> _Problem to work on_:
From the listing that follows, reproduce only the lines from the one holding "Rochie asimetrica din" through the one holding "410 W Washington St - Photo 4 of 9", both included, with no pictures.

> _Raw data_:
-- -- --

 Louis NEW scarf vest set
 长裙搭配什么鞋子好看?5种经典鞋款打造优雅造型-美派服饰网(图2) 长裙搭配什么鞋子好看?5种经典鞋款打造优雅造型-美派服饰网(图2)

-- -- --

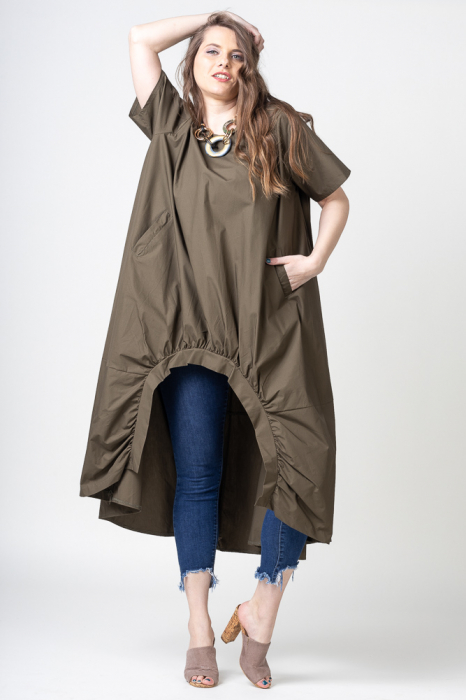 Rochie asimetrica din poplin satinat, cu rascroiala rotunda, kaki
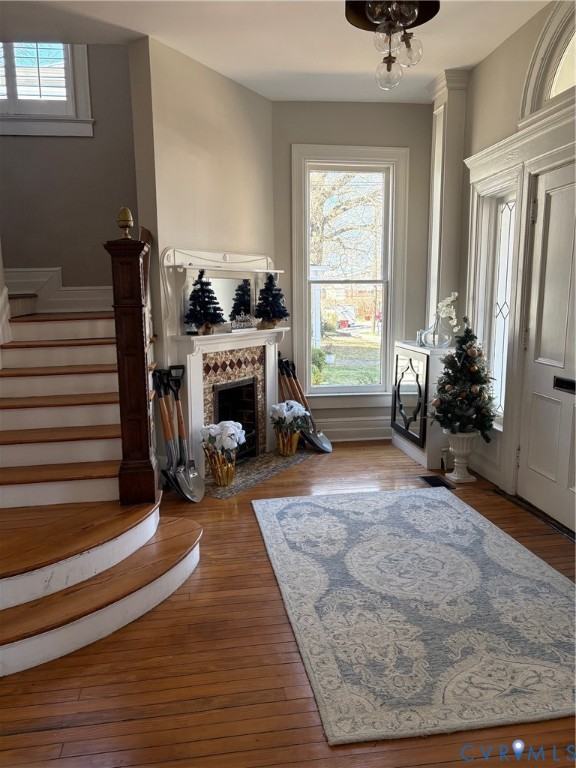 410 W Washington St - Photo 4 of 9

-- -- --

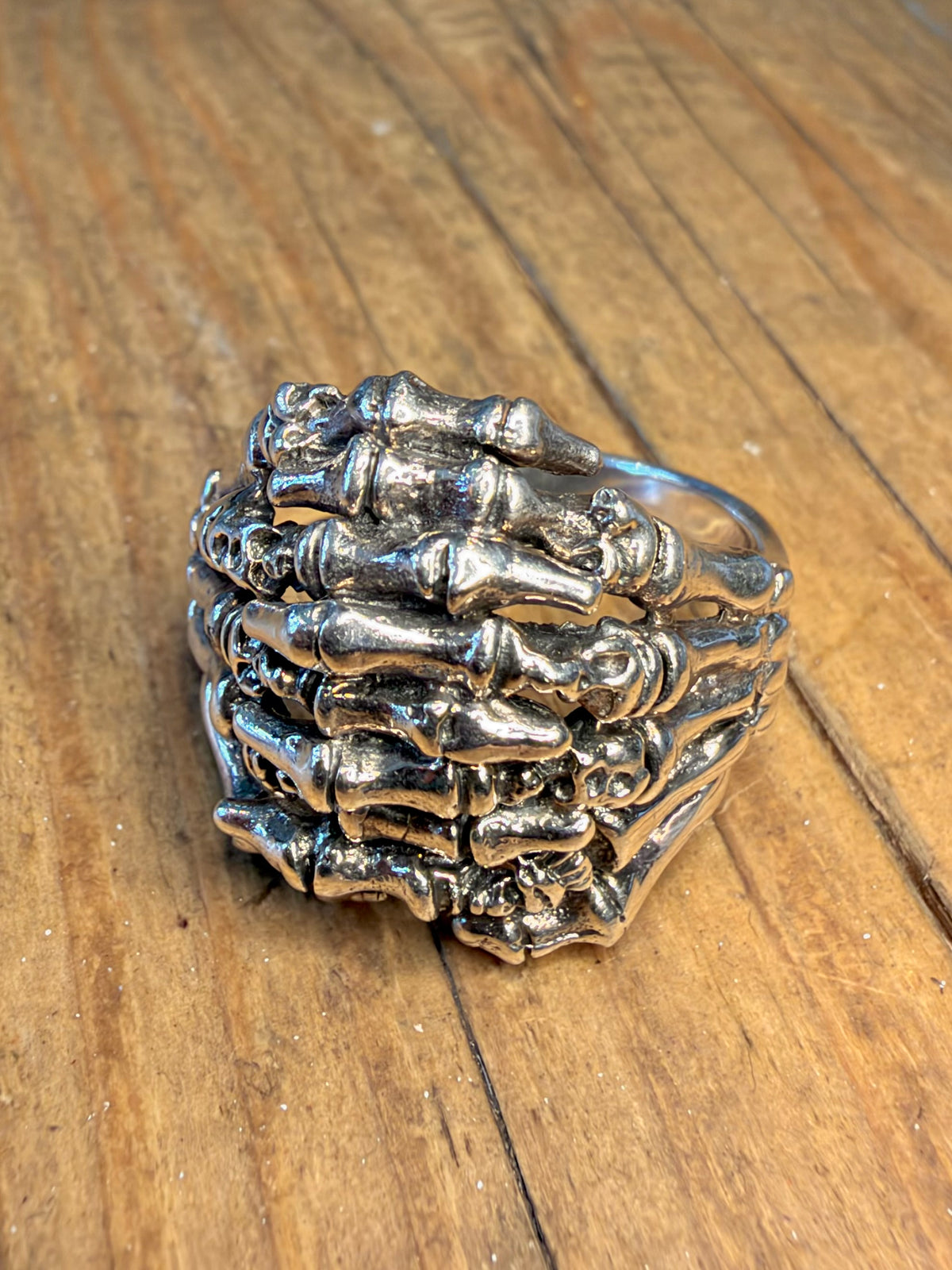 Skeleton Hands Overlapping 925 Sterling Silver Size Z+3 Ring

-- -- --

> _Answer to the exercise_:
 Rochie asimetrica din poplin satinat, cu rascroiala rotunda, kaki
 410 W Washington St - Photo 4 of 9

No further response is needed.